Sunday, August 28, 2016
COCKTAILS AND CONVERSATION
Cocktail hour is when I miss Tom the most. We always had the most interesting conversations about actors, movies, theater and current events, all while sipping dry martinis, a drink our fifties era friends introduced us to as their version of smoking pot, only better.
The tinkle of ice in a chilled shaker still sets off all kinds of random observations of wonderful and fascinating things that happened during the day. Relief in humor and wisdom.
Tonight a memory from Tom's conversation, which I was reminded of as I watched the movie "The Final Test" a 1953 British light comedy about a cricket match and a family. It stars Jack Warner, a very popular British actor in the classic movie era, and, one of my favorite actors, Robert Morley. It's what might be called a heartwarming story about a famous cricket player's last game, but it is so much more than heartwarming. Or rather it warms your heart like great brandy, bracing and with character and bite, as well as warmth and humor. The cricket player's college age son must decide between seeing his father's last game and meeting the famous poet he aspires to emulate. The humor is lightly broad, but mostly from the heart. I loved it.

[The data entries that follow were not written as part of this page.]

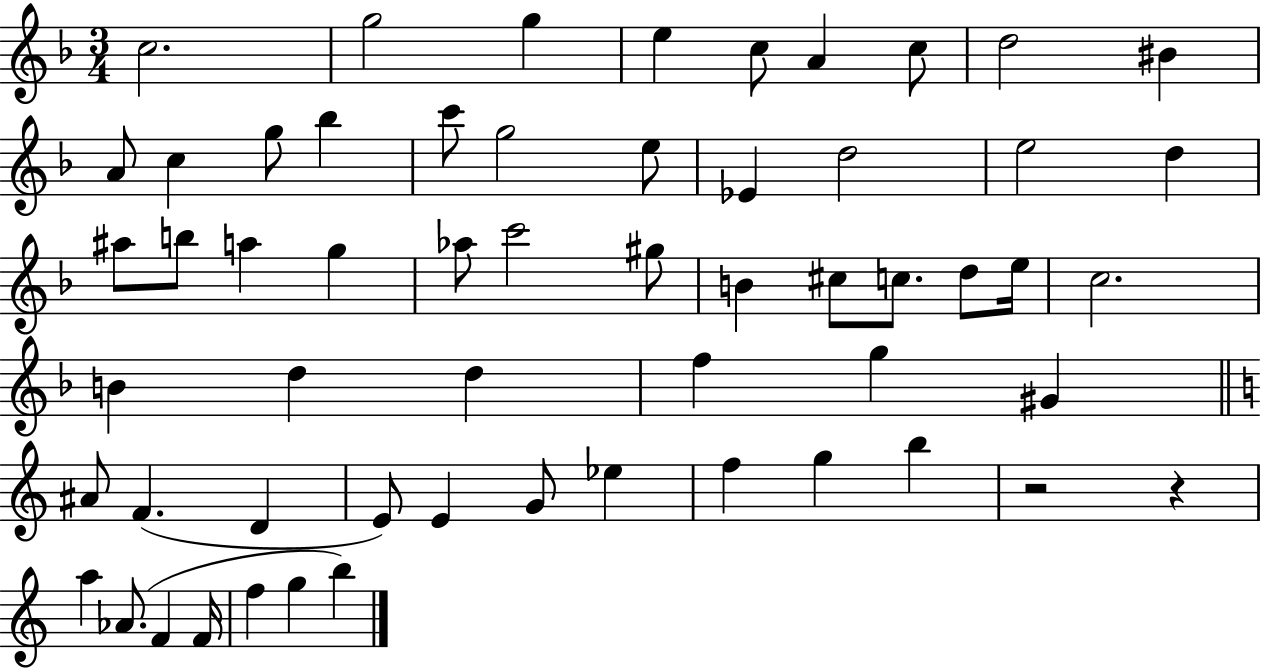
{
  \clef treble
  \numericTimeSignature
  \time 3/4
  \key f \major
  c''2. | g''2 g''4 | e''4 c''8 a'4 c''8 | d''2 bis'4 | \break a'8 c''4 g''8 bes''4 | c'''8 g''2 e''8 | ees'4 d''2 | e''2 d''4 | \break ais''8 b''8 a''4 g''4 | aes''8 c'''2 gis''8 | b'4 cis''8 c''8. d''8 e''16 | c''2. | \break b'4 d''4 d''4 | f''4 g''4 gis'4 | \bar "||" \break \key a \minor ais'8 f'4.( d'4 | e'8) e'4 g'8 ees''4 | f''4 g''4 b''4 | r2 r4 | \break a''4 aes'8.( f'4 f'16 | f''4 g''4 b''4) | \bar "|."
} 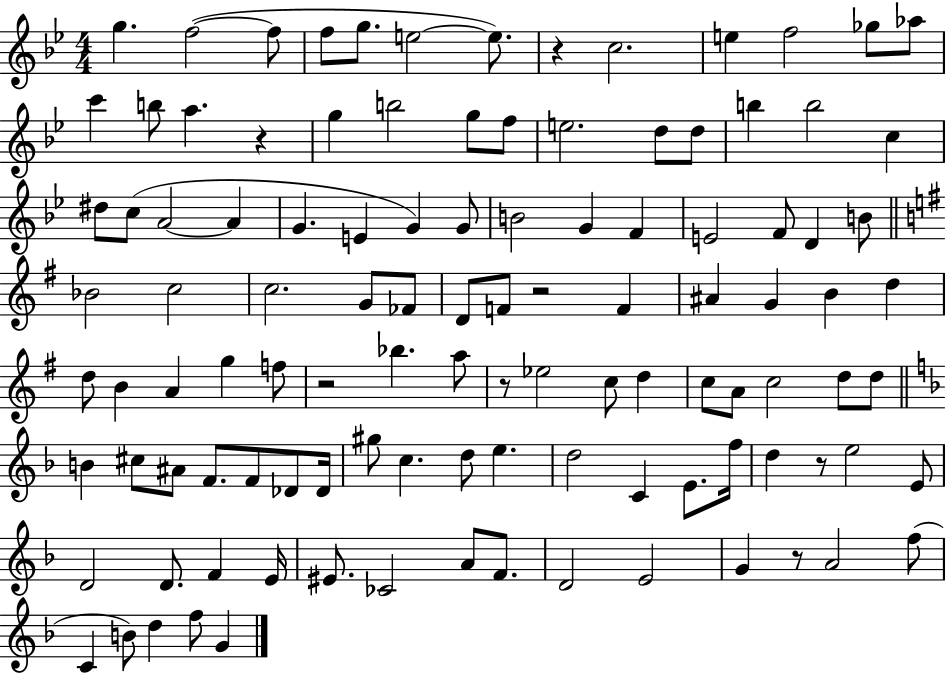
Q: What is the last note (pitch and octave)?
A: G4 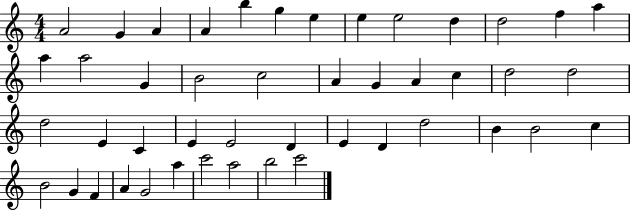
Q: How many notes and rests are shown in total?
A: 46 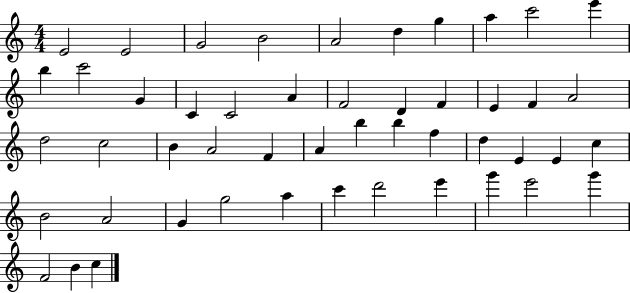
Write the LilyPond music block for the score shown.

{
  \clef treble
  \numericTimeSignature
  \time 4/4
  \key c \major
  e'2 e'2 | g'2 b'2 | a'2 d''4 g''4 | a''4 c'''2 e'''4 | \break b''4 c'''2 g'4 | c'4 c'2 a'4 | f'2 d'4 f'4 | e'4 f'4 a'2 | \break d''2 c''2 | b'4 a'2 f'4 | a'4 b''4 b''4 f''4 | d''4 e'4 e'4 c''4 | \break b'2 a'2 | g'4 g''2 a''4 | c'''4 d'''2 e'''4 | g'''4 e'''2 g'''4 | \break f'2 b'4 c''4 | \bar "|."
} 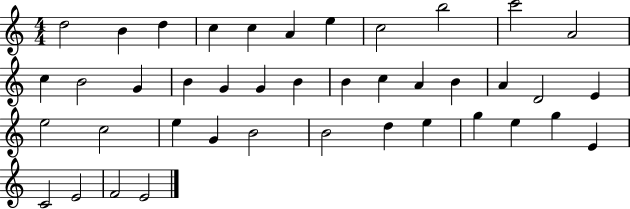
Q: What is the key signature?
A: C major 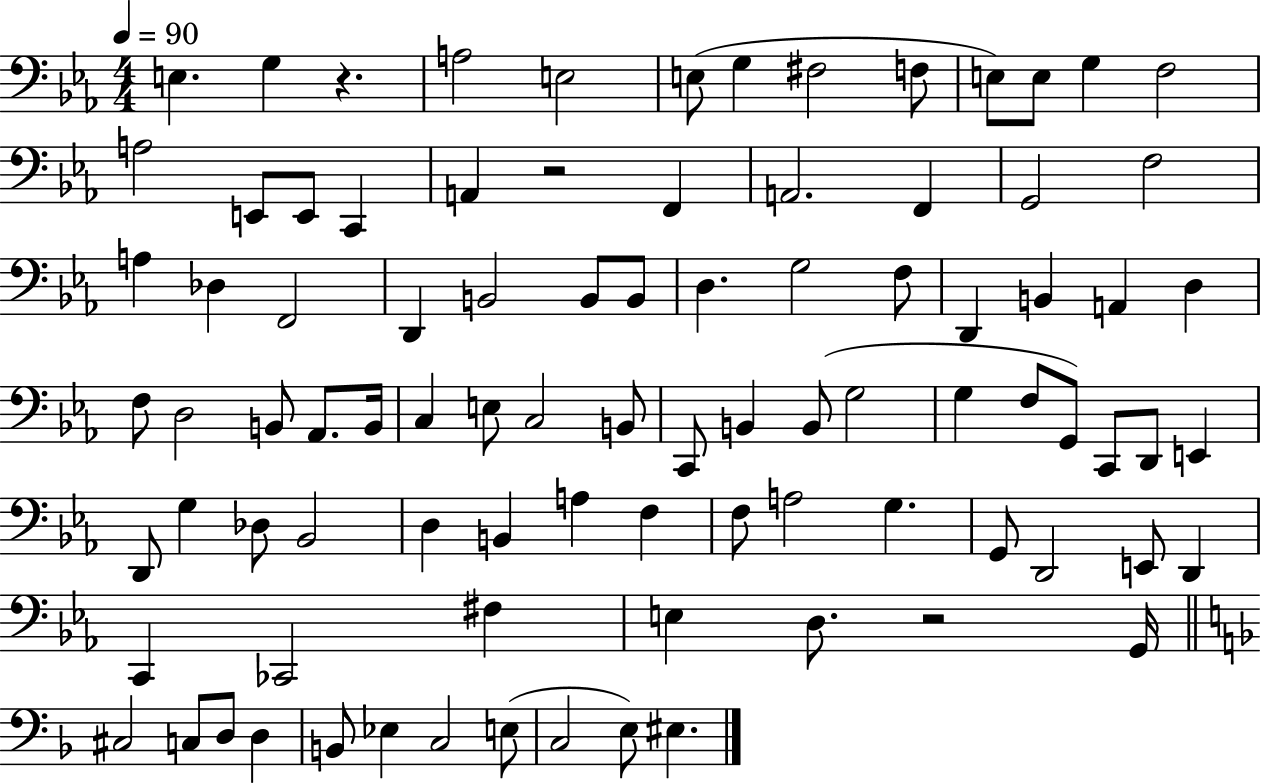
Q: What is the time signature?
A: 4/4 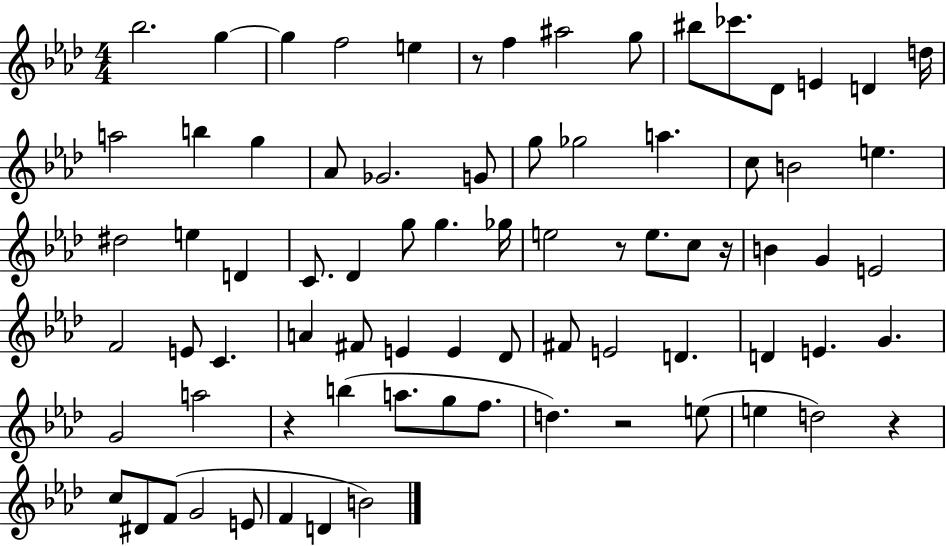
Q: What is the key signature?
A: AES major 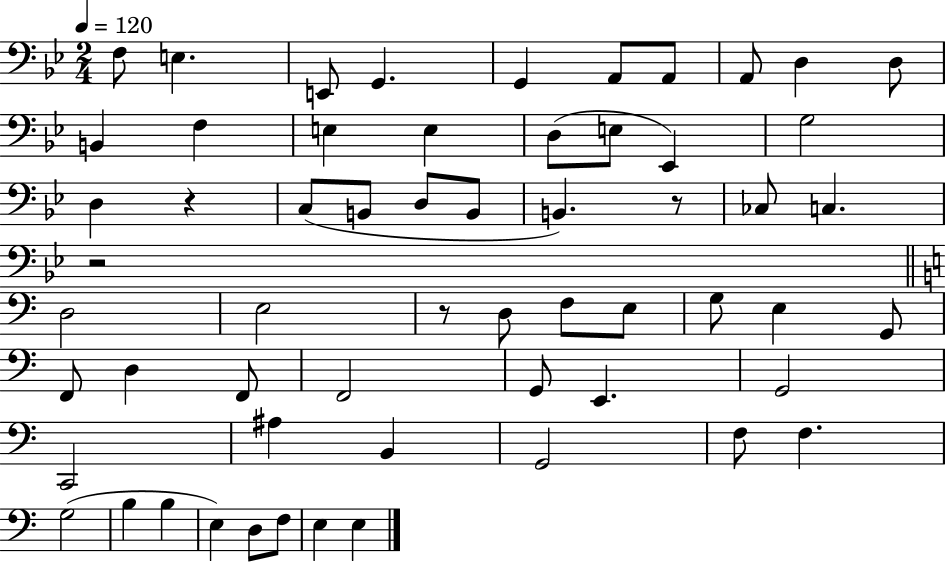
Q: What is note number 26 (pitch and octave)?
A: C3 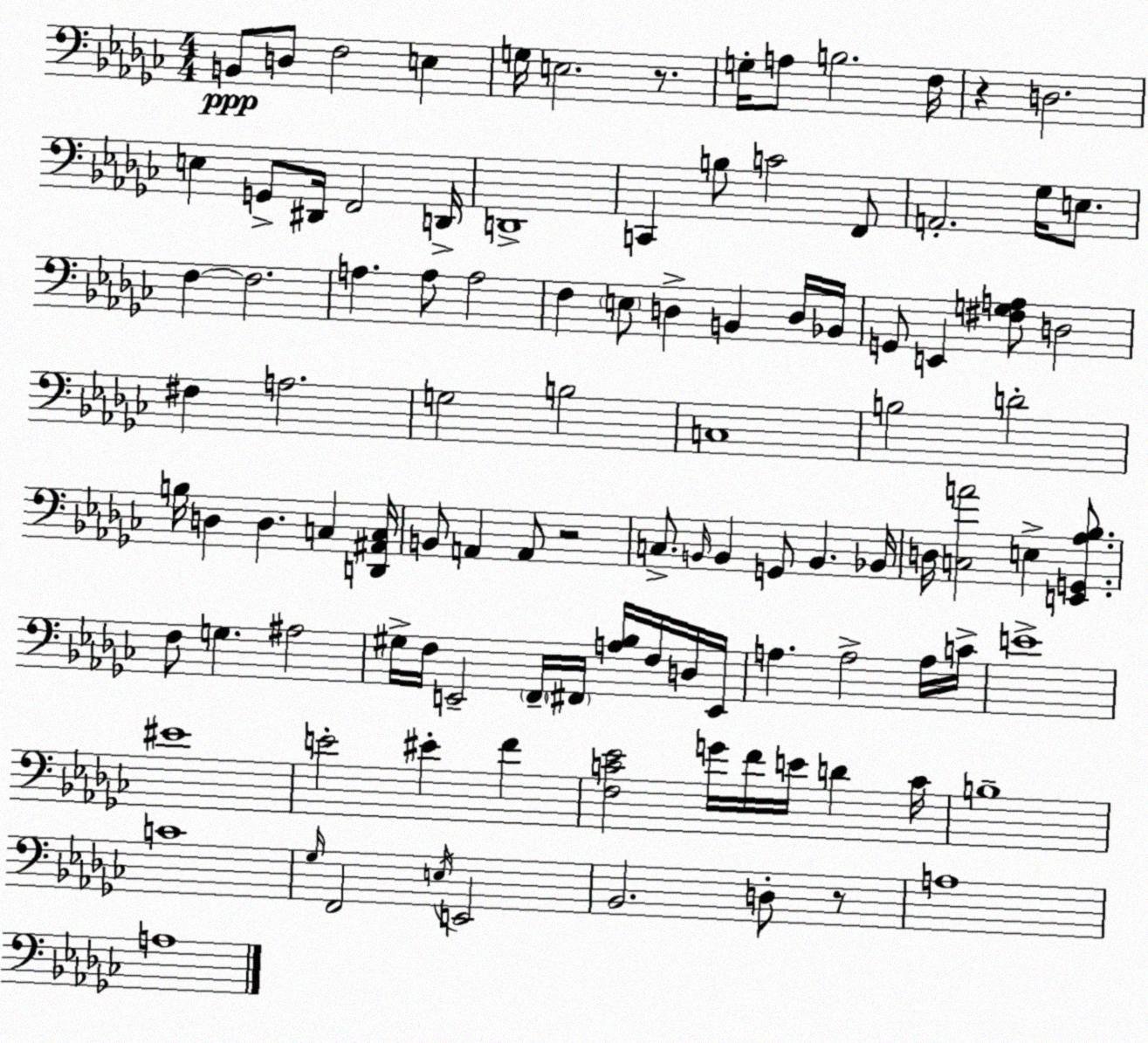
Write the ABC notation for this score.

X:1
T:Untitled
M:4/4
L:1/4
K:Ebm
B,,/2 D,/2 F,2 E, G,/4 E,2 z/2 G,/4 A,/2 B,2 F,/4 z D,2 E, G,,/2 ^D,,/4 F,,2 D,,/4 D,,4 C,, B,/2 C2 F,,/2 A,,2 _G,/4 E,/2 F, F,2 A, A,/2 A,2 F, E,/2 D, B,, D,/4 _B,,/4 G,,/2 E,, [^F,G,A,]/2 D,2 ^F, A,2 G,2 B,2 C,4 B,2 D2 B,/4 D, D, C, [D,,^A,,C,]/4 B,,/2 A,, A,,/2 z2 C,/2 B,,/4 B,, G,,/2 B,, _B,,/4 D,/4 [C,A]2 E, [E,,G,,_A,_B,]/2 F,/2 G, ^A,2 ^G,/4 F,/4 E,,2 F,,/4 ^F,,/4 [A,_B,]/4 F,/4 D,/4 E,,/4 A, A,2 A,/4 C/4 E4 ^E4 E2 ^E F [F,C_E]2 G/4 F/4 E/4 D C/4 B,4 C4 _G,/4 F,,2 E,/4 E,,2 _B,,2 D,/2 z/2 A,4 A,4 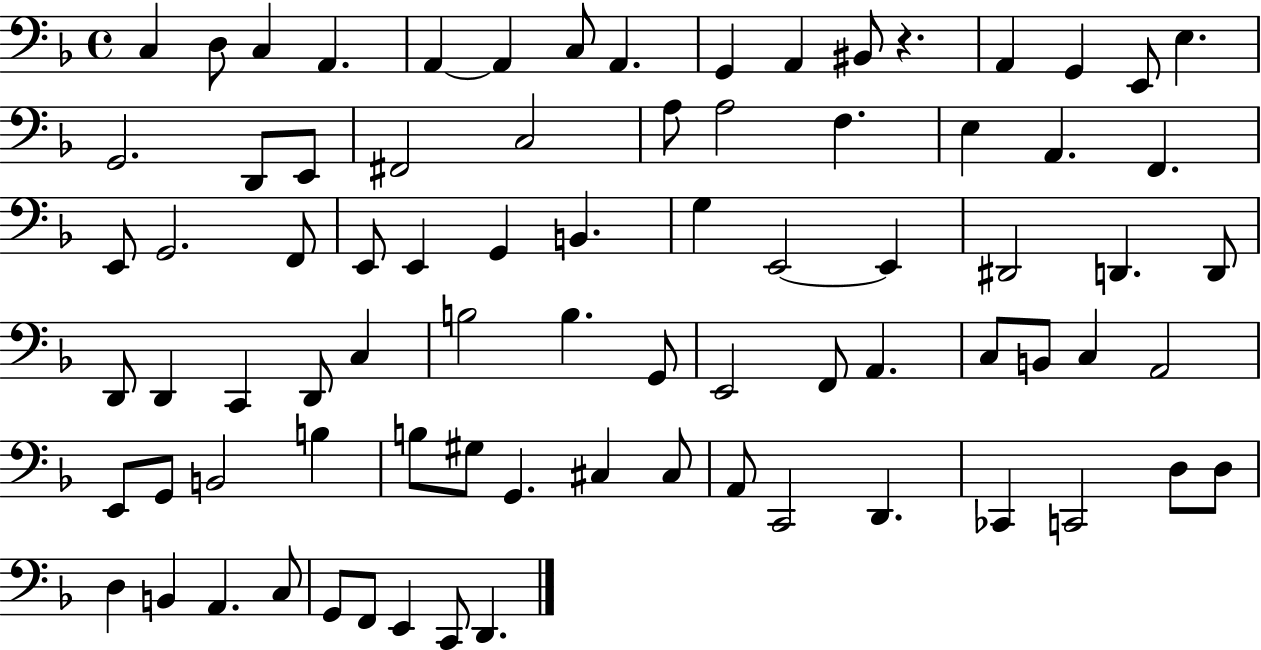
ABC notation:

X:1
T:Untitled
M:4/4
L:1/4
K:F
C, D,/2 C, A,, A,, A,, C,/2 A,, G,, A,, ^B,,/2 z A,, G,, E,,/2 E, G,,2 D,,/2 E,,/2 ^F,,2 C,2 A,/2 A,2 F, E, A,, F,, E,,/2 G,,2 F,,/2 E,,/2 E,, G,, B,, G, E,,2 E,, ^D,,2 D,, D,,/2 D,,/2 D,, C,, D,,/2 C, B,2 B, G,,/2 E,,2 F,,/2 A,, C,/2 B,,/2 C, A,,2 E,,/2 G,,/2 B,,2 B, B,/2 ^G,/2 G,, ^C, ^C,/2 A,,/2 C,,2 D,, _C,, C,,2 D,/2 D,/2 D, B,, A,, C,/2 G,,/2 F,,/2 E,, C,,/2 D,, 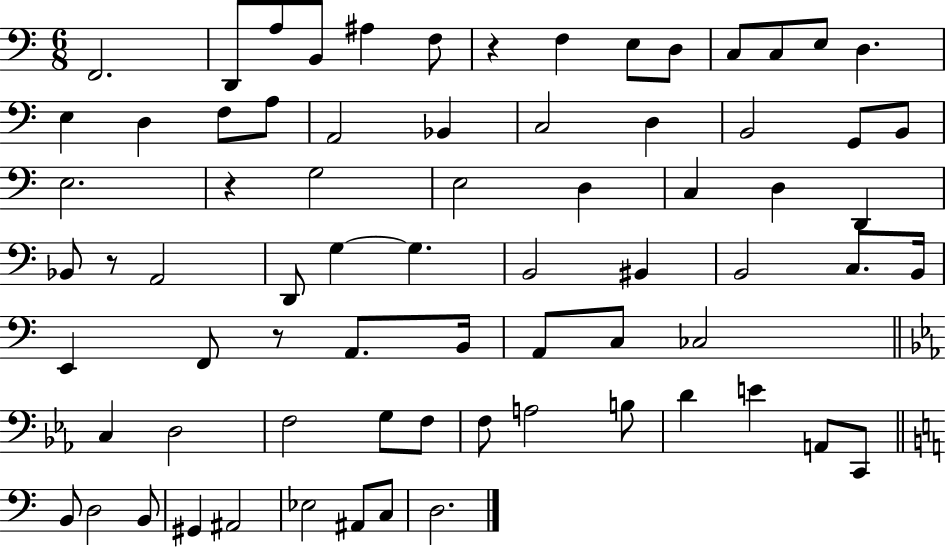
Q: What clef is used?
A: bass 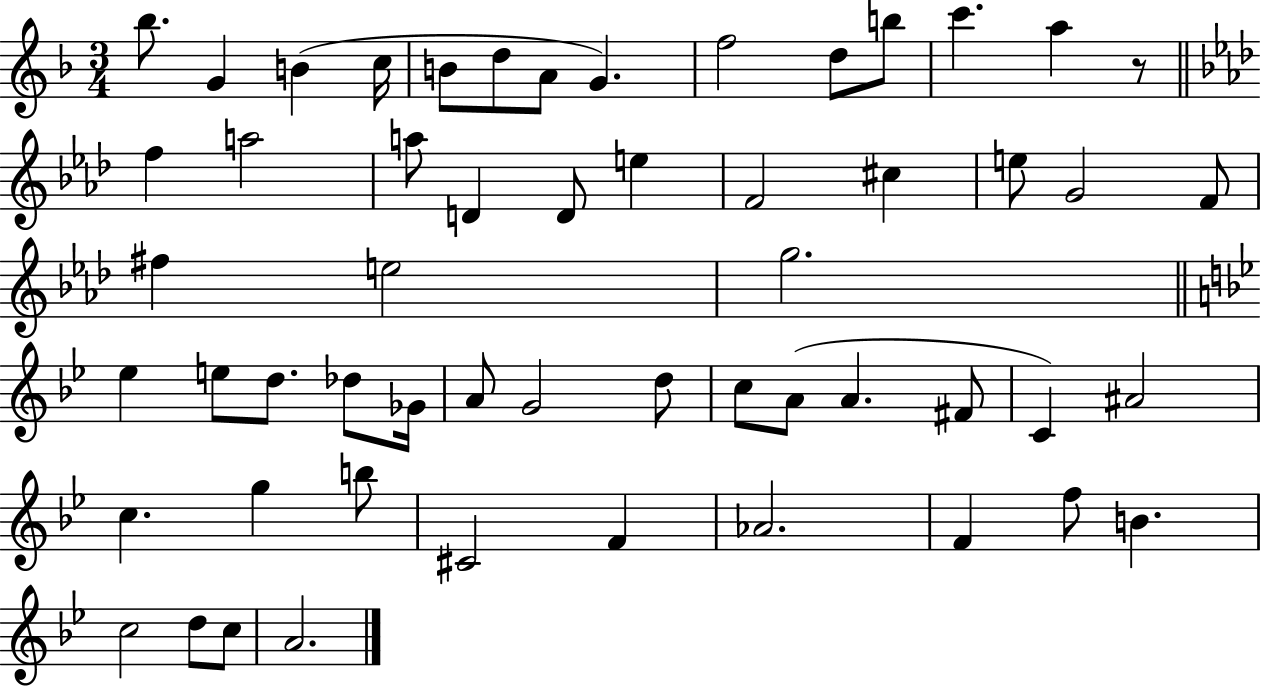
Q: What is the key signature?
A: F major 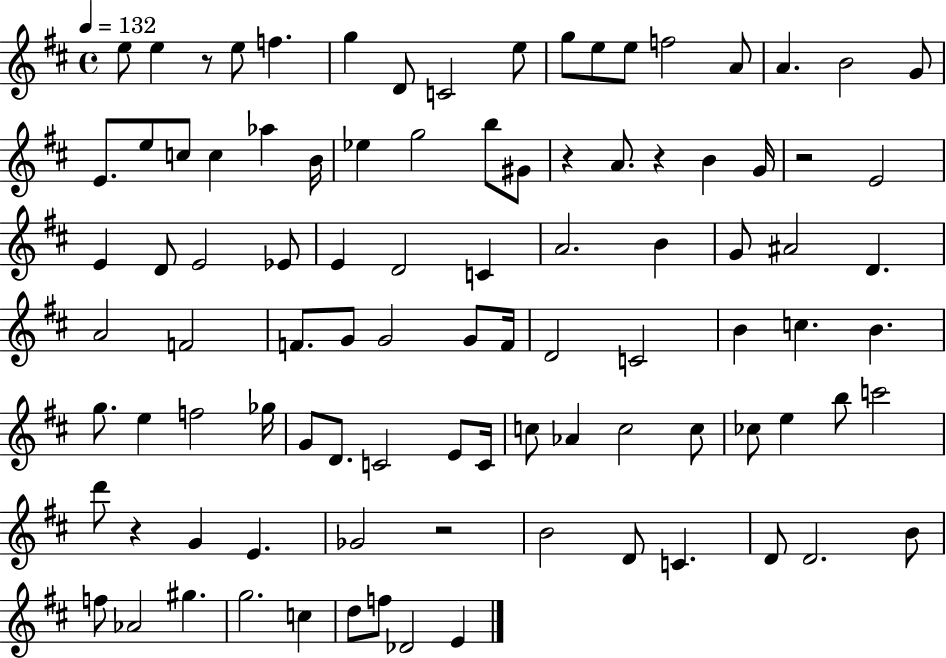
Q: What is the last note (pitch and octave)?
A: E4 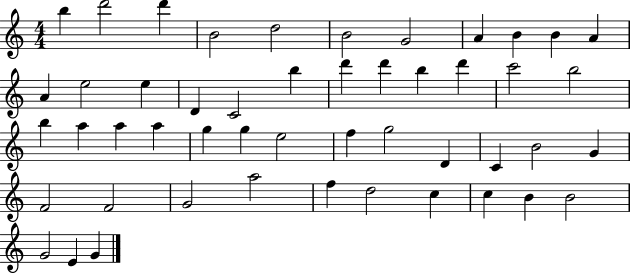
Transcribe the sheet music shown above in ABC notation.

And the movie also reminded me of one of my favorite Tom stories. When he was working at "Law and Order" he met Ted Kotcheff, a producer for the show, who was also the famous director of such movies as "Weekend at Bernie's" and "North Dallas Forty". Then Tom found out that Kotcheff had also directed on of our personal favorites, "Who's Killing the Great Chefs of Europe", the 1978 comedy about great restaurants starring Robert Morley.
Kotcheff had a funny story about Morley arriving in US to shoot some of the scenes for the movie. When they were sheparding Morley through customs, due to the fact that he was there on a work visa, he had to sigh many extra forms. He got to one where he had to answer the question, ridiculous as it now sounds, but true in 1977, regarding his work: "Do you intend to plot against or violently overthrow the United States government?" To which Morley wrote in reply: "That is the sole and only purpose of my visit." Needless to say, the customs officials did not see the humor in this response by the famous comedian. It took a bit of fast talking to get them to allow Morley into the country.
Both Robert Morley movies are delightful. "The Final Test", an older black and white film, and "Who's killing the Great Chefs of Europe" which is in color, also starring a young and lovely Jacqueline Bisset and George Segal. A movie which, now that I think about it, was decades ahead of its time as the first movie for foodies.